生サーモンは度重なる相場高により、売価は昨年同時期と比べても相当高くなっているが、値頃を押さえながらも価値の感じられる商品にするように注意する。サーモンの他に、マグロ切り落とし、マグロたたき、養殖マダイ、寿司エビ、イクラしょうゆ漬け、厚焼き卵などの品揃え。関連商品としては、寿司酢、のり、桜でんぶ、大葉、ブロッコリースプラウトなどを展開。

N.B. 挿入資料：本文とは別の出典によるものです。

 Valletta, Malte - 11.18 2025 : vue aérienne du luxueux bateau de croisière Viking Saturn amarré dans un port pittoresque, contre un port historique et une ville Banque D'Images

サーモンたっぷり海鮮手巻寿司セット3、4人前(1680円)

「母の日」企画

今年の「母の日」は、子どもの日と同じ週ではなく翌週となる。母の日の仕掛けとしては子どもたちで作ることのできる(手のかからない)「海鮮カレー」「海鮮丼」などがおなじみだが、一番具現化度が高いのは寿司関連。鮮魚部門の寿司を展開する店舗は握り寿司、惣菜部門のみの店舗は手巻寿司セットやちらし寿司セットの提案。それに加えてサラダ、刺身といった生食用途の提案。今年もカーネーションに見立てたサーモンの花造りを添えた刺身盛り合わせやサラダセットを展開し、売場を華やかにする。

母の日刺身。サーモンでバラをあしらった4種盛り。1パック1480円
サーモンたっぷり海鮮サラダセット(1480円、生サーモン、スモークサーモン、イカ、タイ)

「かつお祭り」企画

GWが明けて、市場も落ち着きを取り戻しているころ。毎年、この時季は生カツオを中心に生魚丸物の流通が活発化する。生カツオの入荷が順調であれば、生カツオを主力に売り込む。

生カツオが入荷不順の場合は、解凍カツオ、解凍カツオたたきの拡販をする。解凍カツオ相場がかつてないほどに高騰しており、売りにくい環境だが、スライス、切り落としなどで値頃販売、もみ盛りなどで付加価値販売する。

トレンド商品

ノルウェー産生サーモン

夏以降は少しずつ相場下落予想もあるが、夏までは水揚げが少なく、高値推移が確定的。生サーモン刺身用サクの店舗での販売売価は異常な高値となっており、100g当たり598円~698円と高値で販売している店舗が多い。普段の販売は厳しいが、「ひな祭り」などイベント時は強く、動きが良い。5月においても子どもの日や母の日は売れることが予測される。高値に惑わされることなく積極的な拡販が必要。

生サーモンサラダセット
生サーモン花造り。1切れ10g×5切れで1輪のバラ

相場下げ予測の養殖ブリ

養殖池の在池尾数は昨年比130%と増えている。夏場の販売の中心となる2年魚はラウンド(原体)サイズ3.0kg~4.0kg。浜値は㎏1100円~1150円程度。刺身用サクの売価は今後の相場傾向としては横ばいか、やや上げの状態だが昨年の同時期と比較すると約2割高となる。

売価的には、売り出し時で100g当たり398円がぎりぎりのところ。通常売価は100g498円。産卵後の夏場のブリは身が弱く変色、変質が速く売りにくいといわれてきた。十数年前辺りから2年魚を「夏ブリ」「若ブリ」といったコンセプトで出荷されるようになり、夏場でも販売強化する企業、店舗が増えてきた。

2年魚であるため、適度な脂はあるもののしつこくなく、食べやすく海鮮サラダなど生食メニューに最適だ。養殖ブリの原料相場は少し下げ傾向とはいえ、依然としてまだ高値域にある。生寿司やサラダ系商品は付加価値も高く、相場高騰、原料コストのアップ分を吸収しやすい企画なので、積極的に拡販。夏場のドレッシングとしては、ワサビじょうゆや塩レモンなどがお勧め。料理サンプルとして写真の「養殖ブリ」と「かんきつ系(写真は缶詰のハッサク)」とのコラボレーションもお勧め。子どもたちに大ウケすること間違いなし。